Considérons les enseignants: ils sont le niveau zéro de la hiérarchie de cette usine à gaz, considérés comme de vils exécutants et qui pourtant tout au long des réformes qui disent la doxa, continuent contre vents et marées à tenir les classes, les élèves, leurs parents. Qui, chaque jour doivent affronter solitude, désarroi, agressions, découragement, manque de moyens devant des classes de plus en plus difficiles, des parents d’élèves de plus en plus intrusifs. Tout cela pour une reconnaissance sociale nulle et un salaire se réduisant comme peau de chagrin, parmi les plus bas en Europe. Où est la bienveillance dans cela ?

Considérons les élèves. Notre système est malveillant envers eux, on en raison de la méchanceté des enseignants, mais simplement parce que l’école ne parvient pas à les instruire tous. Notre système est malveillant enversles élèves parce qu’il ne leur permet pas de bénéficier de méthodes pédagogiques efficaces. Notre système est malveillant envers les élèves issus de classes sociales défavorisées car il ne les laisse de côté et refuse de prendre en compte les quantités de données probantes qui permettraient à leurs enseignants de les faire réussir. 

Non, la bienveillance ne consiste pas à faire croire aux élèves et à leurs parents qu’ils ont réussi quand c’est faux. Elle consiste à les faire véritablement réussir. Cela impliquerait une véritable et profonde remise en question des méthodes pédagogiques officielles, ainsi que le choix audacieux de s’appuyer sur les données probantes, plutôt que sur des considérations idéologiques devenues aujourd'hui obsolètes.

Oui, je suis d’accord pour parler de bienveillance à l’école, mais honnêtement et sans se voiler la face. L’école échoue depuis des années mais ce n’est pas à cause des enseignants.
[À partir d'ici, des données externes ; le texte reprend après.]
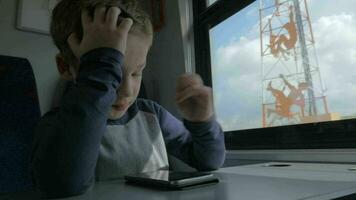 aburrido niño con con Teléfono móvil en Moviente tren video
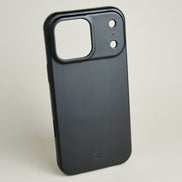 Outside side view of midnight black leather iPhone 17 cover showing embossed brand logo. Markore Shell Guard.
Elle échoue à instruire les élèves car elle échoue à former des enseignants efficaces et à leur donner les moyens de travailler correctement. L’enseignant est sans cesse culpabilisé, infantilisé et accusé de tous les maux ; il serait temps que les véritables décideurs assument enfin leurs responsabilités, et s’ils sont véritablement convaincus du rôle de l’école publique dans la société, prennent enfin des décisions allant dans le bon sens.